[Instructions to follow]
Up to and including the line that contains "PEUGEOT 3008 Hybrid 225 e-EAT8 Allure 2022", repeat each line of the data exactly, starting from the first.

(Scraped caption text data)
*** Begin section ***
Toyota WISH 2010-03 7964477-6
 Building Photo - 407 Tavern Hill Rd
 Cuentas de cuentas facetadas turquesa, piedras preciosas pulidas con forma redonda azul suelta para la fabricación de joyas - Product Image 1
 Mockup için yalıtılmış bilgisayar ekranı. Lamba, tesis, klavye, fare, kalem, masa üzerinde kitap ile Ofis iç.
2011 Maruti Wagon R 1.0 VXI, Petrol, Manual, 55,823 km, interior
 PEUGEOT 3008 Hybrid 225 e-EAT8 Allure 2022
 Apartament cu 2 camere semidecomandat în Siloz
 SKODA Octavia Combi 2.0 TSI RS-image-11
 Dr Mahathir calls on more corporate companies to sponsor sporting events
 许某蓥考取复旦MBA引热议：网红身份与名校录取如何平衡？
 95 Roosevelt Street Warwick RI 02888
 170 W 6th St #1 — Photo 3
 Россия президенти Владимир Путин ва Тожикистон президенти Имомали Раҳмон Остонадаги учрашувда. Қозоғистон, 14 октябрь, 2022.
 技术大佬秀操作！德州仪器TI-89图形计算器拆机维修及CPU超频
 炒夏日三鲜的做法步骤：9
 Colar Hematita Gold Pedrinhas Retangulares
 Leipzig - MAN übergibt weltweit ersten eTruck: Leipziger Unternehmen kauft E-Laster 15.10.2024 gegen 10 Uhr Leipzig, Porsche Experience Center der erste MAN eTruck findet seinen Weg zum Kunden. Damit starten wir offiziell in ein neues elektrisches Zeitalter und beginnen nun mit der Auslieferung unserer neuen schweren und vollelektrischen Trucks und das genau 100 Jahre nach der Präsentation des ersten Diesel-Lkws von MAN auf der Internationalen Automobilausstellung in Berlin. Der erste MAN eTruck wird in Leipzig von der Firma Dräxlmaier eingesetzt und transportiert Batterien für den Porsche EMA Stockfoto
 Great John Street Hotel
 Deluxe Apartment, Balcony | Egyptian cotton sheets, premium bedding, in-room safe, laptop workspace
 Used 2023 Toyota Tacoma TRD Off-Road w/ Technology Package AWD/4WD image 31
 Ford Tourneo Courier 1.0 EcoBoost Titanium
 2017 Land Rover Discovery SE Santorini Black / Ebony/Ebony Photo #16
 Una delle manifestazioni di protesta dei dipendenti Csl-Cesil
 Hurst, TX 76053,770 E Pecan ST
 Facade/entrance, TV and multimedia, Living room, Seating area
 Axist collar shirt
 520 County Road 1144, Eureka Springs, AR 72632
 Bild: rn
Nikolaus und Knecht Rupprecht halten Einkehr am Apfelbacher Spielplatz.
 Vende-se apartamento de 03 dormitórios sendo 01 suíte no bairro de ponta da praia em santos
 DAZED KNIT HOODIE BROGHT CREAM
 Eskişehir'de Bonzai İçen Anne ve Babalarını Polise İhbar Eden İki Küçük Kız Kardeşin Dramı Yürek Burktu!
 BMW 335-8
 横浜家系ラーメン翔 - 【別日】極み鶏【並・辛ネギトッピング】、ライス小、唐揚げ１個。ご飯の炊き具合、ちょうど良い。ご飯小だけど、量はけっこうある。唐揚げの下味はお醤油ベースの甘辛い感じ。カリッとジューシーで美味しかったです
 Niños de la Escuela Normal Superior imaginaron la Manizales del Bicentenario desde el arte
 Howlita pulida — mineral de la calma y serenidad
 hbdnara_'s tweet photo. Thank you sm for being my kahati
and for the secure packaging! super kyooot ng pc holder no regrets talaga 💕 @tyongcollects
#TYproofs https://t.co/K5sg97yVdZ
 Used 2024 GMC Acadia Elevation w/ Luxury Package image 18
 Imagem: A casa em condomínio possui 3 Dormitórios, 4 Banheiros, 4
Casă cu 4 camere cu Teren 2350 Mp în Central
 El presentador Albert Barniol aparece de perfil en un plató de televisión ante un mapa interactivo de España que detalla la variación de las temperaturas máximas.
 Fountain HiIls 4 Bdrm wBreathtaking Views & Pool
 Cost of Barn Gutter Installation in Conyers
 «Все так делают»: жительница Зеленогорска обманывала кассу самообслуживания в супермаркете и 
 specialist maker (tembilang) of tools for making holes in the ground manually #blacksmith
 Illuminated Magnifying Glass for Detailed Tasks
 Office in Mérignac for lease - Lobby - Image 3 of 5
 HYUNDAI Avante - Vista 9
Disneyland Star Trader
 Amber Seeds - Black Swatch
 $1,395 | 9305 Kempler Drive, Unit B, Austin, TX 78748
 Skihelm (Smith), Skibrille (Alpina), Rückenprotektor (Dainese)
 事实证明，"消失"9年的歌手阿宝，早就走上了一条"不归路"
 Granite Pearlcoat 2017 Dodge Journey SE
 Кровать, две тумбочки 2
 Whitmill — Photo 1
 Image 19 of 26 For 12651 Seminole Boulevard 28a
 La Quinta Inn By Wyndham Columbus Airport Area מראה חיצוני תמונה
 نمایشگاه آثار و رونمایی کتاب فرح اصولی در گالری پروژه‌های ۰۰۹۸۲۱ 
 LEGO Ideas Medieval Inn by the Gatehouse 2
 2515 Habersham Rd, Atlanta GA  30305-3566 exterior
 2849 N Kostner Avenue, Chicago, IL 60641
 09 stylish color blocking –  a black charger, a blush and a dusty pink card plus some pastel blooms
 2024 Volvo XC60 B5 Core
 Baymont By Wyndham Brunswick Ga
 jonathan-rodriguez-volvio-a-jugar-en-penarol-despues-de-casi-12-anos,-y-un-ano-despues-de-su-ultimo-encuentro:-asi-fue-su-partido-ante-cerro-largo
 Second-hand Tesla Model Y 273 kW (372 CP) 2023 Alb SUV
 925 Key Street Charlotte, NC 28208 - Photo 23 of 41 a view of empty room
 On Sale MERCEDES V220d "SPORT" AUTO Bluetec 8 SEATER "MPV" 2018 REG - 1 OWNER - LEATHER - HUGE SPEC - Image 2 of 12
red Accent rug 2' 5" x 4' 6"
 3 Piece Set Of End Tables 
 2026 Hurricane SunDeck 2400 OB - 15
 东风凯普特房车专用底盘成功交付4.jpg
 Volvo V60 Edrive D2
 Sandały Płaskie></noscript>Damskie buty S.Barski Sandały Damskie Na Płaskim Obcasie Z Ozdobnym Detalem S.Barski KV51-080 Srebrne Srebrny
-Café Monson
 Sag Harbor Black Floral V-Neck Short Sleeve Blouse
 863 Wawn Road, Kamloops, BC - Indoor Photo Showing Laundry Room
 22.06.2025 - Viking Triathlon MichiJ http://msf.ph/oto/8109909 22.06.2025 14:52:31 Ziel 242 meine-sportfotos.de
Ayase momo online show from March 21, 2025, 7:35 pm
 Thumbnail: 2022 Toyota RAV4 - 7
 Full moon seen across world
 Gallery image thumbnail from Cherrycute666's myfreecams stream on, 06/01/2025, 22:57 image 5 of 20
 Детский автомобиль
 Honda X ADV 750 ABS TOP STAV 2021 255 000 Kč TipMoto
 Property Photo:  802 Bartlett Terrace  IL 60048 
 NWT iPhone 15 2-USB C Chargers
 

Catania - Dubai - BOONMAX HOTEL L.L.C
*** End section ***
[Task output]
Toyota WISH 2010-03 7964477-6
 Building Photo - 407 Tavern Hill Rd
 Cuentas de cuentas facetadas turquesa, piedras preciosas pulidas con forma redonda azul suelta para la fabricación de joyas - Product Image 1
 Mockup için yalıtılmış bilgisayar ekranı. Lamba, tesis, klavye, fare, kalem, masa üzerinde kitap ile Ofis iç.
2011 Maruti Wagon R 1.0 VXI, Petrol, Manual, 55,823 km, interior
 PEUGEOT 3008 Hybrid 225 e-EAT8 Allure 2022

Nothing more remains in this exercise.